EXERCISE BRIEF ▸ In the listing below, print exactly the lines from the first through the one that contains "May include: A".
******************************
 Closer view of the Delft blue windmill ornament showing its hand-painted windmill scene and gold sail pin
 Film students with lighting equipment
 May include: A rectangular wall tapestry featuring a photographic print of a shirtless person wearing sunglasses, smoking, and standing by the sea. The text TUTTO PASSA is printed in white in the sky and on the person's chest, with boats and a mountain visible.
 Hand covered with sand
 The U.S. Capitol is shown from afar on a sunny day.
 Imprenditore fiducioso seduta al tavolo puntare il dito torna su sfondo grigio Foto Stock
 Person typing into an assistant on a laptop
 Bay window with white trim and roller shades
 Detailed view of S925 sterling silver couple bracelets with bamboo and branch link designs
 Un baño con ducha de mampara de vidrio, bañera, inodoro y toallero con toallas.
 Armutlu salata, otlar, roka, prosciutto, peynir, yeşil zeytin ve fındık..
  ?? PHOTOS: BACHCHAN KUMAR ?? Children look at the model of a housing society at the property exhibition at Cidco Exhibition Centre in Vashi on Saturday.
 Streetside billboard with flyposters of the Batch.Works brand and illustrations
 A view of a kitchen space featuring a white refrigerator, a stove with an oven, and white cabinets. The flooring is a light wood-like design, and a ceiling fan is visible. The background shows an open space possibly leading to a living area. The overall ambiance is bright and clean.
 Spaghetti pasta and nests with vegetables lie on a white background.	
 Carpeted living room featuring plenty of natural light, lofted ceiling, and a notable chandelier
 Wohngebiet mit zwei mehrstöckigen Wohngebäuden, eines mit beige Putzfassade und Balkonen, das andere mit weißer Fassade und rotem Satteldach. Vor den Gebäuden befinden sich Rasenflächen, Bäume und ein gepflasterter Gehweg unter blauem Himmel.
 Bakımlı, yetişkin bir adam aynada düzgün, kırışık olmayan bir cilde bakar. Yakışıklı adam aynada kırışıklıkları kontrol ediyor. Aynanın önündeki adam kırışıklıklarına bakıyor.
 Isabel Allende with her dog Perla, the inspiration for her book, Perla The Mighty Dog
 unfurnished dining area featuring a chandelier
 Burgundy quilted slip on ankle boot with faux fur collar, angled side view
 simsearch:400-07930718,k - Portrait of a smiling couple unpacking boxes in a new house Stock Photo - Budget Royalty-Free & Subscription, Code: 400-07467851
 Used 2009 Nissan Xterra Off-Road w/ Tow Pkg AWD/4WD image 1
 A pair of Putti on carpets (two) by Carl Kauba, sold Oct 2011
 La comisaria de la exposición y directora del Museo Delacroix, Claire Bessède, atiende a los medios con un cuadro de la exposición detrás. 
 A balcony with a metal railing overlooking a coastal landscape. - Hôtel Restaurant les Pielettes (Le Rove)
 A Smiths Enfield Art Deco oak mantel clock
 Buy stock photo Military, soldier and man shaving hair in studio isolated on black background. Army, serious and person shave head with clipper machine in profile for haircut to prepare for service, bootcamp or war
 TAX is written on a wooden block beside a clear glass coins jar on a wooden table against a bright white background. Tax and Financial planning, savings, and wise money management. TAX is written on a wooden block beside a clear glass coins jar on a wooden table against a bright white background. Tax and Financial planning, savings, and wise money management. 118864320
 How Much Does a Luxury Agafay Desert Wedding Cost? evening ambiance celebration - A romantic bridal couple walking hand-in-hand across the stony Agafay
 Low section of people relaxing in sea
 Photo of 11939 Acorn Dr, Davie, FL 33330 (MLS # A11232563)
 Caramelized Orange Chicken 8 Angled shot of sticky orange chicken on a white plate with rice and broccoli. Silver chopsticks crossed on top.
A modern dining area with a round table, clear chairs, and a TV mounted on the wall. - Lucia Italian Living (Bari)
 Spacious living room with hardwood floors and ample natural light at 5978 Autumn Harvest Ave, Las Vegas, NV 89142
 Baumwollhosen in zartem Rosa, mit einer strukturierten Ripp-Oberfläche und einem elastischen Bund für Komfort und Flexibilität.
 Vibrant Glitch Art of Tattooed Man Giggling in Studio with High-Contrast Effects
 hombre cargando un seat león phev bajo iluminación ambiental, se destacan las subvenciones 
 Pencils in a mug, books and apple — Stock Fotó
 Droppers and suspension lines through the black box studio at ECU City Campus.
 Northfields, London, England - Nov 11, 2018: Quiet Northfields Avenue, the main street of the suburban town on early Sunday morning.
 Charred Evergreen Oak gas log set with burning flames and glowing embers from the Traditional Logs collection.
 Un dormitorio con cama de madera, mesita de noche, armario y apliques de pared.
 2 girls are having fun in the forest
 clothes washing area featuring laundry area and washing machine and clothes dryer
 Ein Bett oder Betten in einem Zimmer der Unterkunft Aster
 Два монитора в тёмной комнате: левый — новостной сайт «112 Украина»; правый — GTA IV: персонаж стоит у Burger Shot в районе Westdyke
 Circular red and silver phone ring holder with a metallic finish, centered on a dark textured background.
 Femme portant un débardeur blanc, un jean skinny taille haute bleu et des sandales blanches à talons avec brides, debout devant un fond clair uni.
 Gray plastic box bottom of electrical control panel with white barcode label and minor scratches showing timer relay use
******************************
WRITTEN REPLY ▸
 Closer view of the Delft blue windmill ornament showing its hand-painted windmill scene and gold sail pin
 Film students with lighting equipment
 May include: A rectangular wall tapestry featuring a photographic print of a shirtless person wearing sunglasses, smoking, and standing by the sea. The text TUTTO PASSA is printed in white in the sky and on the person's chest, with boats and a mountain visible.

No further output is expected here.